The 30 million documents, which contain information on 17 million Jewish Holocaust survivors and forced laborers under the Nazi regime was gathered by the International Red Cross after the war. It was an effort to try to reunite families split apart by the Nazi regime or at least provide survivors with clues about the fate of their relatives.

Some of the information is based on the original files compiled by Nazi workers. Since 1996, researchers have had access to files that were not directly associated with an individual.

_ Niels Sorrells

Bush Administration Official to Lead Council for Christian Colleges

(RNS) A Bush administration official and former college president has been named the new president of the Council for Christian Colleges & Universities.

Paul R. Corts, an assistant attorney general for administration in the U.S. Department of Justice, will succeed Bob Andringa as the leader of the Washington-based umbrella organization in June.

Before arriving at the Justice Department in 2002, Corts was the president of Palm Beach Atlantic University, a member institution of the 30-year-old council.
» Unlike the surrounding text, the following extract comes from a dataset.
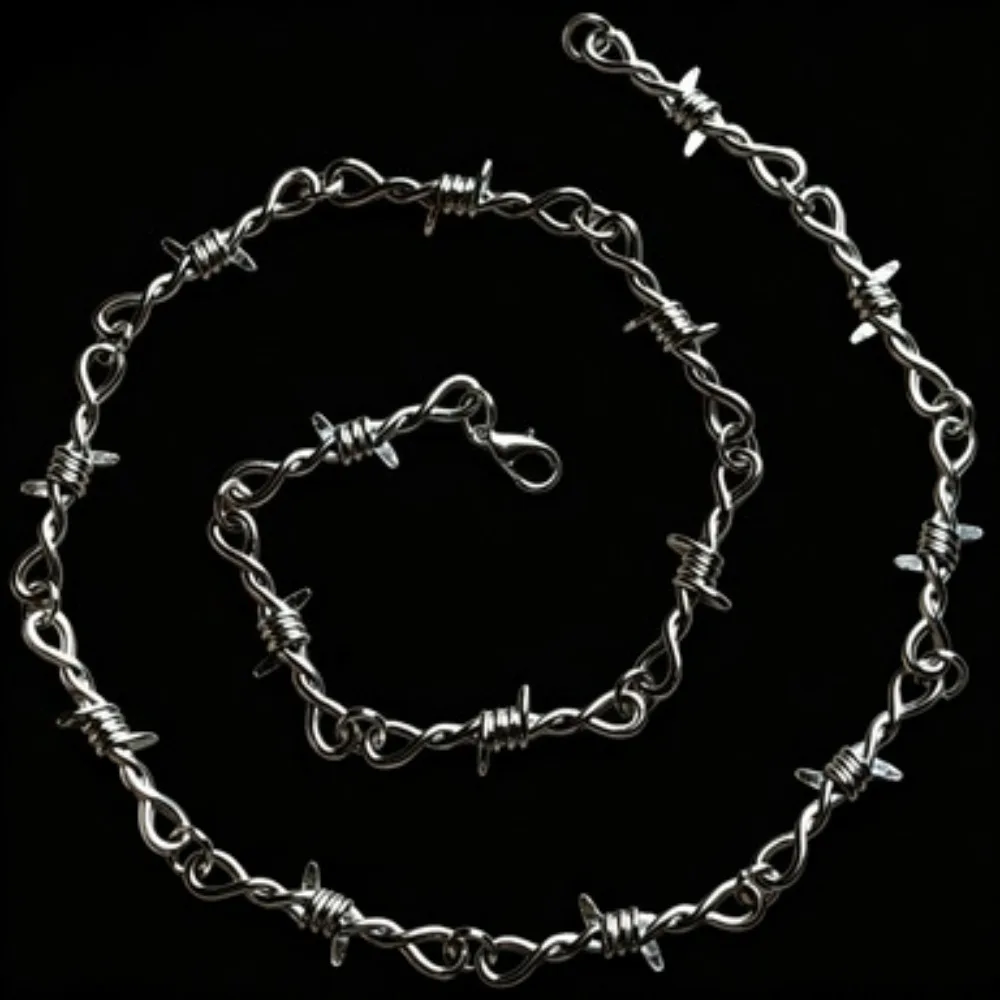 Fashion Iron Unisex Choker Necklace Men Women Hip-hop Gothic Punk Barbed Wire Little Thorns Chain Jewelry Gifts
He led the school in West Palm Beach, Fla., for almost 12 years.


“He is a man of much wisdom and godly character, a devoted churchman and a brilliant leader,” said David S. Dockery, chair of the council’s board of directors and president of Union University in Jackson, Tenn.

Corts, 62, previously served as president of Wingate University in Wingate, N.C., and Western Kentucky University in Bowling Green, Ky. He has served as president of the American Association of Presidents of Independent Colleges and Universities.

“I have known Dr. Corts for several years and am excited to pass the baton of CCCU leadership to such a highly qualified leader,” said Andringa, who announced his retirement plans in April 2005.

“He will help us move Christian higher education to the next level.”

The higher education association includes more than 170 institution members, including 105 in North America.

_ Adelle M. Banks

Quote of the Day: Carlo Angelo Sanzio, Frequent Mass Attendee at the Vatican

(RNS) “I loved John Paul and I love Benedict, but the personality of each man appeals to different sides of the faithful. … My friends say you would come to experience John Paul, and you come to listen to and learn from Benedict.”

_ Carlo Angelo Sanzio, a 43-year-old worker at a Rome coffee bar who says he has attended most of the Sunday Masses at the Vatican during the last decade. Wednesday (April 19) was the one-year anniversary of Pope Benedict XVI’s election to succeed John Paul II. Sanzio was quoted by USA Today.